Inherited IRAs (Non-Spouse Beneficiaries)

When an IRA account owner dies, the primary beneficiaries (or contingent beneficiaries, if the primary beneficiary is deceased) inherit the IRA, trumping the will and bypassing probate. If you find yourself a beneficiary in this situation, use the IRS’s Single Life Expectancy table to determine your lifetime required distributions. Your new IRA will be an "inherited IRA," meaning it was not inherited by a spouse.

Non-spouse beneficiaries of Roth IRAs are subject to the same required minimum distribution (RMD) rules as traditional IRAs. However, post-death Roth IRA distributions are generally tax-free, as long as the owner held the account for at least five years (beginning on the first day of the first year in which a contribution was made).

If the decedent had already started taking RMDs, then beneficiaries must implement one of two choices before September of the year following the individual’s death: Either take the RMDs as a lump sum, or take the RMDs according to your age (as the beneficiary) in the Single Life Expectancy table. (In subsequent years, you need not refer to the table. Instead, you can reduce your original factor by 1 and continue to do so each year after.)

If the decedent died before taking any RMDs, then the beneficiaries also have the option of a five-year grace period, regardless of IRA type. This option allows the beneficiary to wait five years before taking any distributions. But at the end of the fifth year, the beneficiary must withdraw all of the assets.

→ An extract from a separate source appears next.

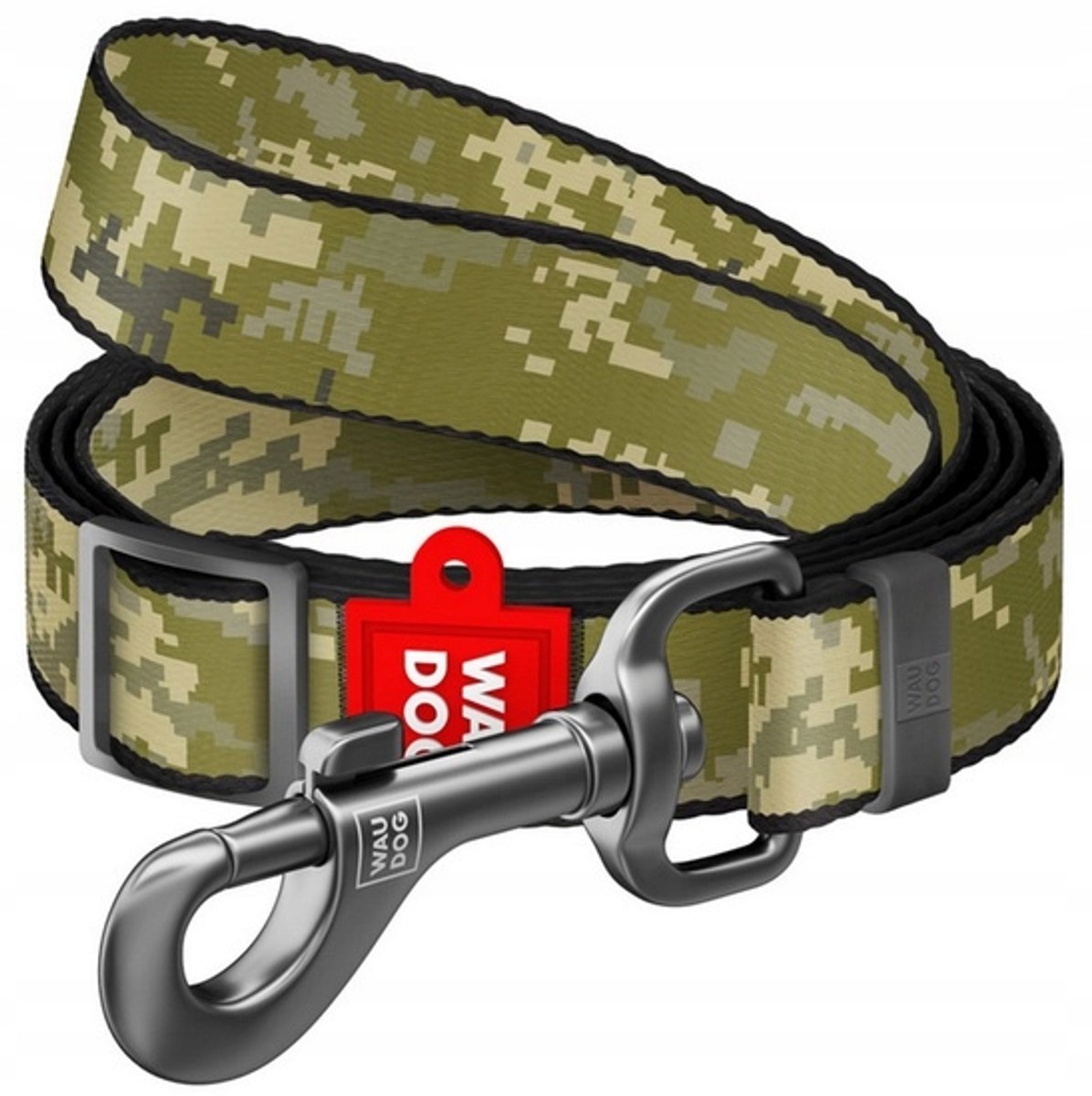 Verstelbare WauDog Hondenlijn S 15mm/152-183cm MILITARY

Non-spouse IRA beneficiaries should note the following:

  1. The inherited IRA must be properly titled, and the deceased IRA owner’s name must remain on the account. However, the beneficiary's Social Security number will replace that of the deceased.
  2. Name your own successor beneficiaries with the IRA custodian.
  3. If one of multiple beneficiaries of the deceased’s IRA happens to be a charity, the IRA must be split (or cashed out) by September 30 of the year following the date of death, or else the IRA will be deemed to have no designated beneficiaries and must be immediately distributed.
  4. Additional rules apply if the deceased IRA owner did not take a year-of-death RMD.
  5. Any basis (from post-tax contributions) in the inherited IRA will be tax-free upon distribution.
  6. If any estate tax is paid, be sure to claim the income in respect of a decedent (IRD) deduction. Note that in 2010 the unified credit is temporarily eliminated; by January 1, 2011 (and possibly earlier), the estate tax is expected to be reinstated with an exemption equivalent of $1 million.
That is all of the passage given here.